Every year, IT devices become smaller and more portable, bringing more capabilities to users around the office and further afield. But that only works as long as they have power. What happens when you don't have the outlets nearby to give your device the watts it needs?
Power over Ethernet (PoE) has evolved as a way to easily power connected devices using nothing more than an Ethernet cable. Both the power and the network data arrive via the same socket, making for a streamlined, low-footprint connection. Not only can this look professional and uncluttered when connecting VoIP handsets in an office, but it's also useful in situations where power isn't readily available.
For example, you might want to put security cameras around your building but don't want the expense of paying a licensed electrician to run power lines to them and installing electrical outlets. Running Ethernet cable to the rooftop, fence, or outbuilding where you want to install the unit is safer than running AC current, and in many cases the signal will be more reliable than Wi-Fi.
It can also be useful inside the office, where power is generally available but where there just aren't enough sockets, or where you want to keep the environment uncluttered. Many companies migrating to VoIP handsets might not want more power cables trailing under the desk, for example, or might worry about overloading existing outlets. PoE is perfect for these situations.
PoE installation requires little more than an endpoint device capable of supporting it at one end, and an Ethernet switch with PoE-capable ports at the other. You can often buy switches that dedicate a subset of ports to PoE connections, leaving the rest for non-powered network connections to other equipment with ready access to power.
PoE began in the early 2000s with the 802.3af standard, which allowed up to 15.4 watts of power per Ethernet port. Then, the 802.at standard emerged with support for an extra ten watts per port. However, if you have already invested in non-PoE switches, you can opt for an injector. This is a unit connected to AC power that sits between your VoIP handset or security camera and your conventional switch, adding the power into the Ethernet connection between them.

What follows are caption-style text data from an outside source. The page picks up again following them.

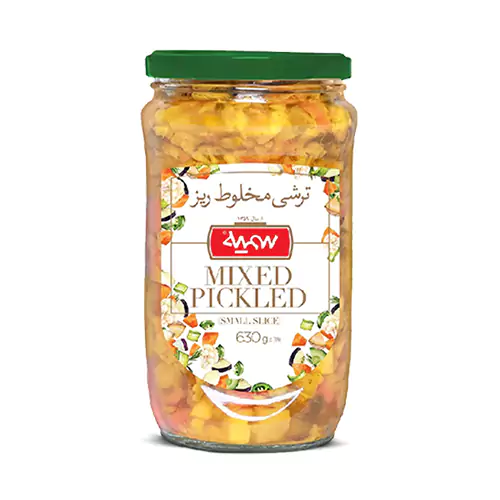 Somayeh Mixed Pickle, 12 x 680 gr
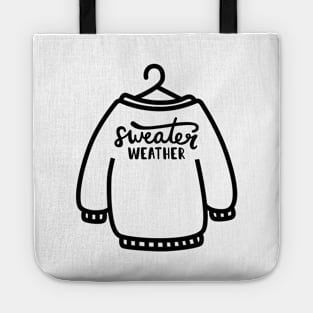 Sweater Weather Tote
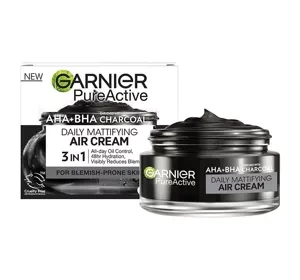 Garnier Pure Active matujący krem żel do twarzy 50 ml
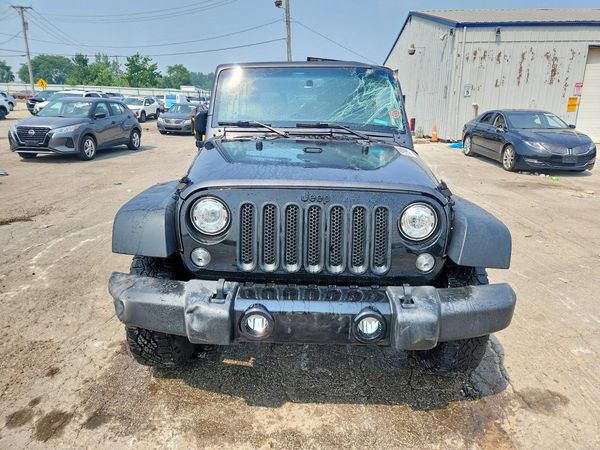 2017 JEEP WRANGLER UNLIMITED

There's also a newer standard called 4PPoE (802.3bt), which increases the power capability still further to a maximum of 71.3w. This is designed for high-powered endpoints that carry more on-board processing functionality.
While security cameras and VoIP handsets might be the most likely use cases for most customers, PoE does have some other applications. These include powering outdoor radios for wireless communication, along with remote routers or switches in areas where there's only a single Ethernet port but where you need to support several PoE devices. Inside a building, PoE can be useful for low-power kiosks, especially in settings where equipment must be set up and torn down quickly.
You might also find PoE useful in industrial settings where safety or reliability regulations don't permit the use of RF technology. Installing Ethernet-powered sensors can be a good way to configure industrial environments with minimal fuss.
Consider PoE as a way to push valuable technology to those last areas of your business where electrons are hard to find. Used judiciously, it can make everything from digital signage to IP-powered intercoms a possibility, wherever you want to put them.